I only have a photocopy of the clipping. There’s no date or headline, no idea even what newspaper it’s from (though probably one of the Wichita papers, as Lawrence Stadium was in Wichita, and probably from the 1900s or 1910s). Jim McClure, the “Irish Flats,” was my grandfather, my father’s father. But I never knew him. He died (“with his boots on,” as he had wished and as was noted in his funeral notice) when I was nine. I only have two specific memories of him: The first was my father taking me to the Wichita Stock Yards to see him at work, herding cattle on the wooden walkways above the pens, in his red flannel shirt, overalls, and muddied work boots. The second was fishing at a farm pond, my catching a large (at least to me) snapping turtle, his landing it once we saw it wasn’t the enormous fish I thought it to be, and his eviscerating it and making it into turtle soup that night.
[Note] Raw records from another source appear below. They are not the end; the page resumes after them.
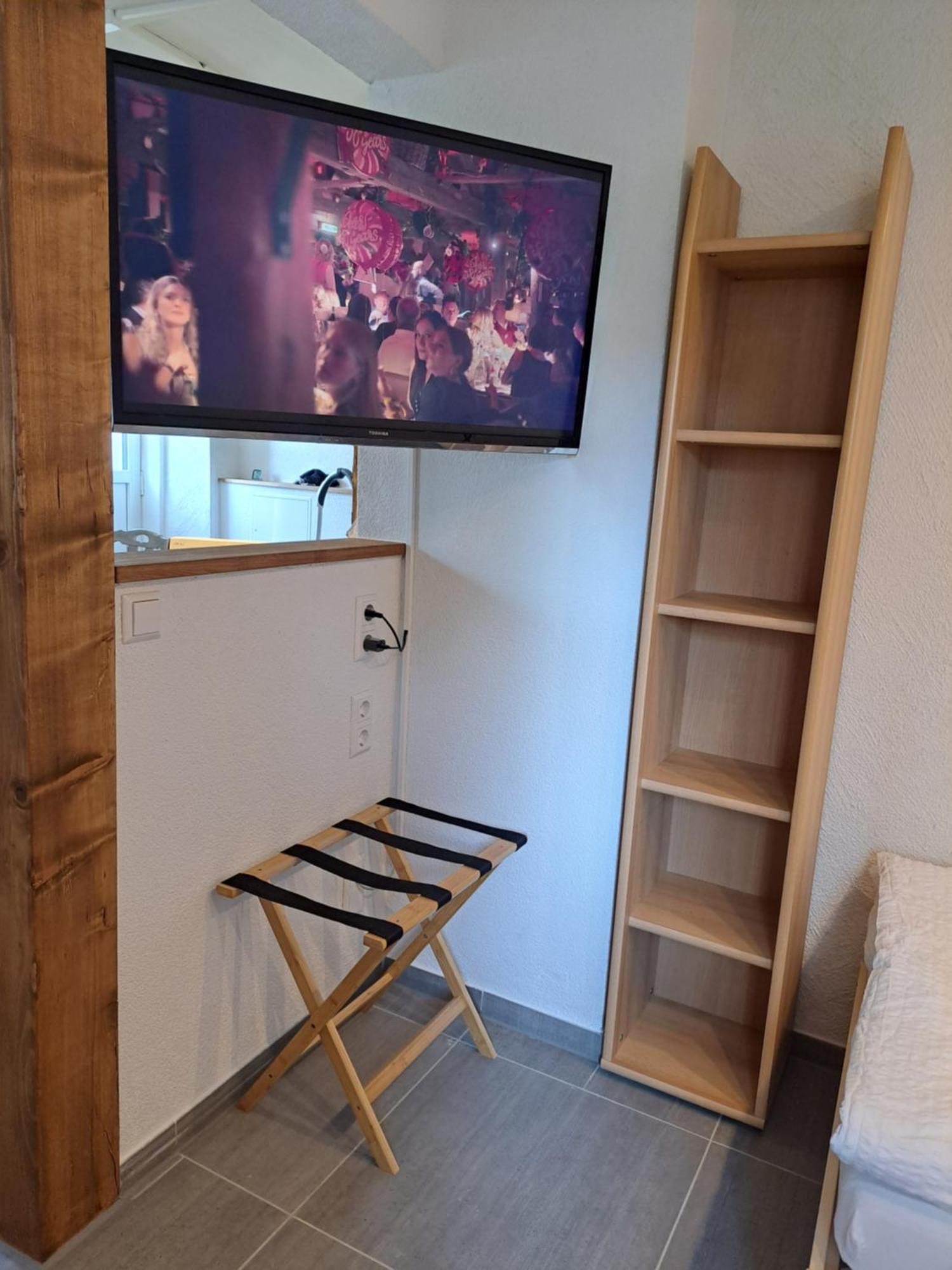 Ferienwohnung Heuboden Huefingen ภายนอก รูปภาพ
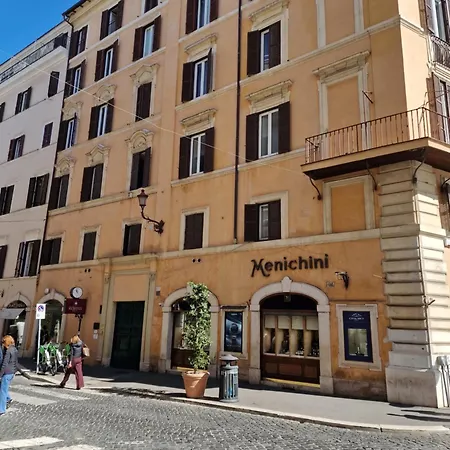 Pensjonat Agh Babuino Rzym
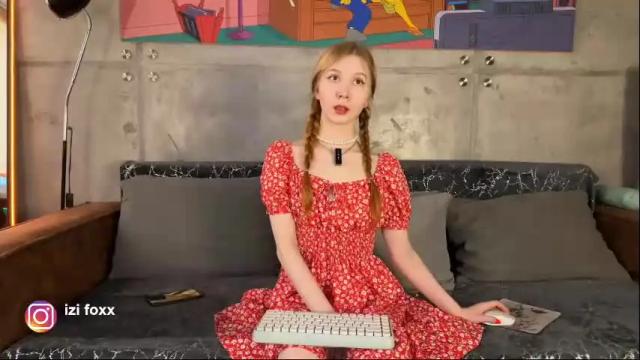 Image 11 of izi_fox Stream on Chaturbate on 11 days ago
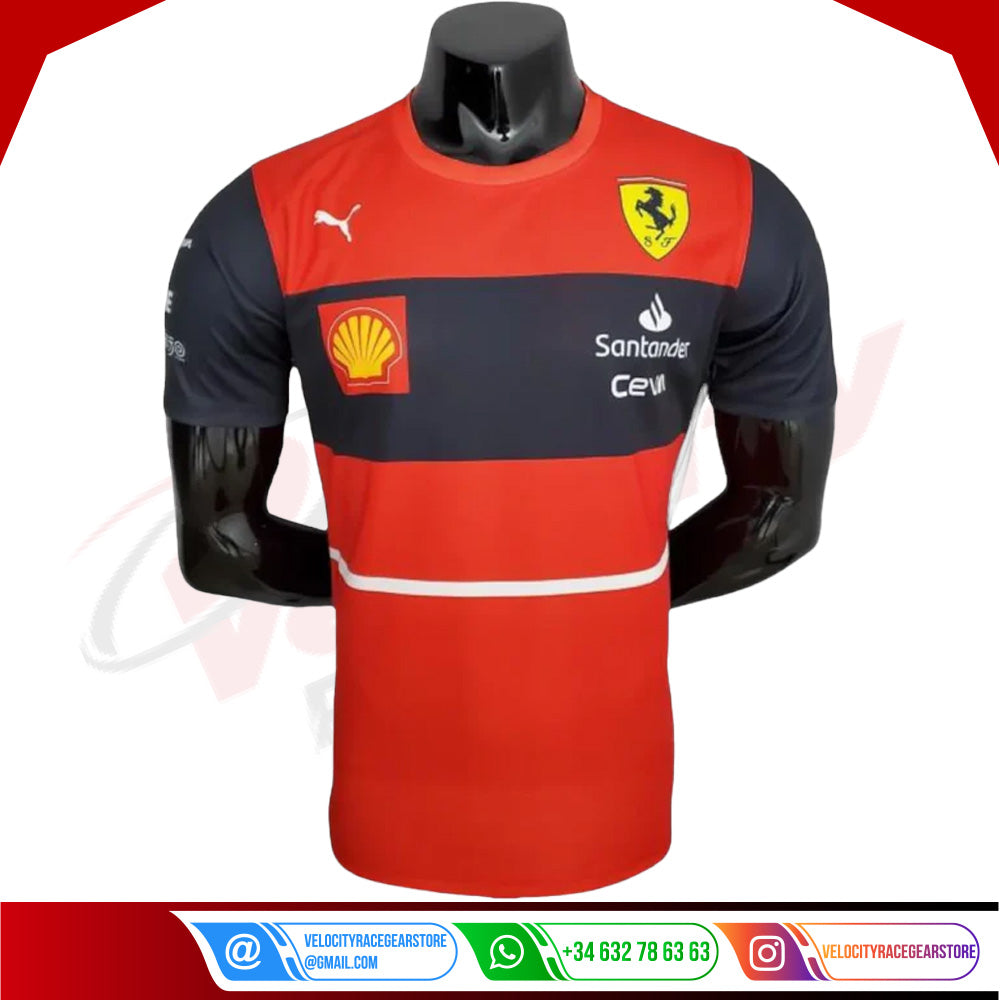 2022 New Ferrari Charles Leclecr F1 Racing T-Shirt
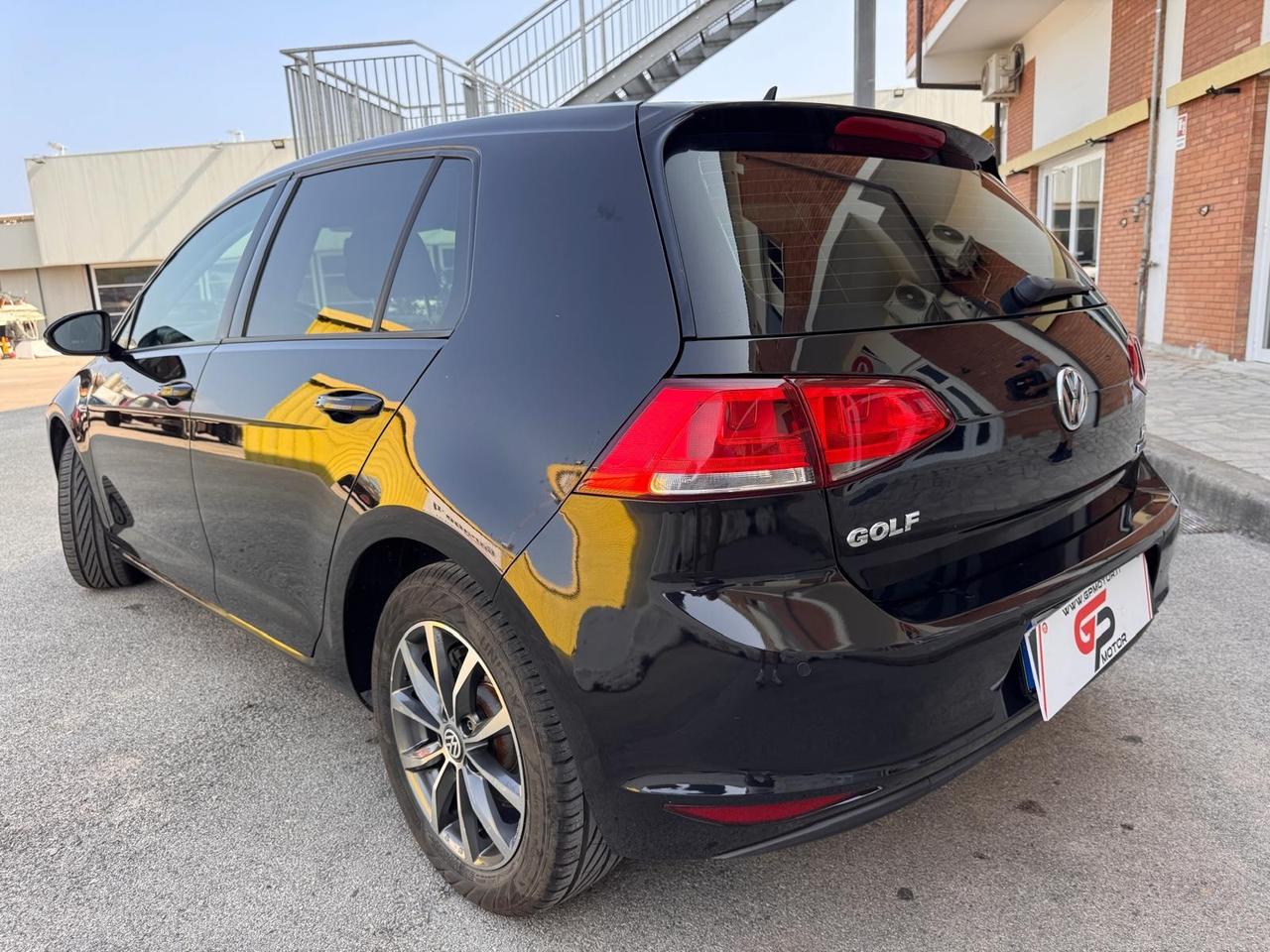 VOLKSWAGEN GOLF 1.4 TGI*110CV*OK NEOPATENTATI*METANO*NAVIGATORE*MANUALE*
But I really never knew him. I certainly never knew he was “Irish Flats,” a star “twirler” in amateur Kansas baseball. And it makes me wonder what my granddaughter Ellie will know of me in 50 years or so, long after I’m gone. Will she know that I played in several obscure rock and folk groups in the 1960s? That I had several poems and short stories published in small literary journals in the 1970s? That I had a couple of plays produced, and directed a few myself, in the 1980s? Will she find a vague newspaper clipping about when I was in my 20s or 30s and think, “Whoa, that’s my Grandpa?” I hope so. But I hope also that she has more than just two scant memories of her and me together, that she can remember a series of good times over years of our being together, times where I can become a living memory for her and not just the enigmatic star twirler “Irish Flats.”